→ **DIRECTIONS FOR THIS TASK**: First find the line with "PROCESSION: Textured Abstract" in the entries below, then set down exactly every line through the line with "Forno 5-Piece Appliance", that line included.

→ **Items listed in a dataset**:
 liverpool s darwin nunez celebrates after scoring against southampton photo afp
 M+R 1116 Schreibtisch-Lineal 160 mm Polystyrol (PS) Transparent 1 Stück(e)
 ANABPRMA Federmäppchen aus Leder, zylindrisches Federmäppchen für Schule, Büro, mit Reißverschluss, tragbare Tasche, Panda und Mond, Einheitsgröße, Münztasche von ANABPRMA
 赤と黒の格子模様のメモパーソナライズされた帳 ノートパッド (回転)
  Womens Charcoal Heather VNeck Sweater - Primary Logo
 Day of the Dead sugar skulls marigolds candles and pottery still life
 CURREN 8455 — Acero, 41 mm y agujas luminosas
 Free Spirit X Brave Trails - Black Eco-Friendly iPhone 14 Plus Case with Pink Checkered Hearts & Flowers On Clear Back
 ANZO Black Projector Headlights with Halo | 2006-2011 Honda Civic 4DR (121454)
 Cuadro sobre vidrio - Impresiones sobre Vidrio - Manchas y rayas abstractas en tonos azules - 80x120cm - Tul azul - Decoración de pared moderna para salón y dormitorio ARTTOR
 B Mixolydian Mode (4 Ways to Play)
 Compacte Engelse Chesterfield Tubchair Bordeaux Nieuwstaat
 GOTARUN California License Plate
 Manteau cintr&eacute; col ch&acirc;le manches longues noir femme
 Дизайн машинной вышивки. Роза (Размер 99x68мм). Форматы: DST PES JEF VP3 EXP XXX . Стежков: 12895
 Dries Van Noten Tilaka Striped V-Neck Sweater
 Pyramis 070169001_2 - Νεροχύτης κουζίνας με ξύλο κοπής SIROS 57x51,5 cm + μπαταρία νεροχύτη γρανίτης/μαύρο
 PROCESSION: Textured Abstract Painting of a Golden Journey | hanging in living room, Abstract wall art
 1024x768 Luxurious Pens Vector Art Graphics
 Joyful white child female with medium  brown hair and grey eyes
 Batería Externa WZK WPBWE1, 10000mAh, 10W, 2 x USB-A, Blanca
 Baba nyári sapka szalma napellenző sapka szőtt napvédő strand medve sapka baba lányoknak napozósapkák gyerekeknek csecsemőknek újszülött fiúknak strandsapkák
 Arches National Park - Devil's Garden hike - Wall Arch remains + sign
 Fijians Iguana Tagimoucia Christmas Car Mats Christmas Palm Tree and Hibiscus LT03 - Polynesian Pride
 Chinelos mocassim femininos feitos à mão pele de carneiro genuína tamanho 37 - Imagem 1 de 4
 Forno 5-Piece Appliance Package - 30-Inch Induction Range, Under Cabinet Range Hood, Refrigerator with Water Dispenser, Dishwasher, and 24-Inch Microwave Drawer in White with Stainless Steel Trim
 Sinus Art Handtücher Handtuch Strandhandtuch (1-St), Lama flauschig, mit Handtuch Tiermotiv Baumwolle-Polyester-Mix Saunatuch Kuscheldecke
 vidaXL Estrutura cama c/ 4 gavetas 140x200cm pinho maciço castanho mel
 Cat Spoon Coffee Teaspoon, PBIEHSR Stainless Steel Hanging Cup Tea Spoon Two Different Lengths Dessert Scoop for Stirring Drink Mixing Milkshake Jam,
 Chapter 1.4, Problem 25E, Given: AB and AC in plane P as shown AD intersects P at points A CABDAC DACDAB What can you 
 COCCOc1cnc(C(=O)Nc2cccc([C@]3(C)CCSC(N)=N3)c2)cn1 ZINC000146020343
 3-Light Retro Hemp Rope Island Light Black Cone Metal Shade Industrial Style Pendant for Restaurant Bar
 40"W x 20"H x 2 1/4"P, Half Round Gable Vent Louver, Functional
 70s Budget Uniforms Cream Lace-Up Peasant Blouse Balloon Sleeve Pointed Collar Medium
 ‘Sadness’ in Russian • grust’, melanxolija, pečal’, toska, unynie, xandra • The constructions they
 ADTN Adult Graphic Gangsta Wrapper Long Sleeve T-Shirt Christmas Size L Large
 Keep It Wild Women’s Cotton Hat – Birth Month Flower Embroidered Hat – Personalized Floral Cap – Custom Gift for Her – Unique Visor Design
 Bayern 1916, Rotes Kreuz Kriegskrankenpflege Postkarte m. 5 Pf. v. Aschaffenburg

→ **OUTPUT FOR THIS TASK**:
 PROCESSION: Textured Abstract Painting of a Golden Journey | hanging in living room, Abstract wall art
 1024x768 Luxurious Pens Vector Art Graphics
 Joyful white child female with medium  brown hair and grey eyes
 Batería Externa WZK WPBWE1, 10000mAh, 10W, 2 x USB-A, Blanca
 Baba nyári sapka szalma napellenző sapka szőtt napvédő strand medve sapka baba lányoknak napozósapkák gyerekeknek csecsemőknek újszülött fiúknak strandsapkák
 Arches National Park - Devil's Garden hike - Wall Arch remains + sign
 Fijians Iguana Tagimoucia Christmas Car Mats Christmas Palm Tree and Hibiscus LT03 - Polynesian Pride
 Chinelos mocassim femininos feitos à mão pele de carneiro genuína tamanho 37 - Imagem 1 de 4
 Forno 5-Piece Appliance Package - 30-Inch Induction Range, Under Cabinet Range Hood, Refrigerator with Water Dispenser, Dishwasher, and 24-Inch Microwave Drawer in White with Stainless Steel Trim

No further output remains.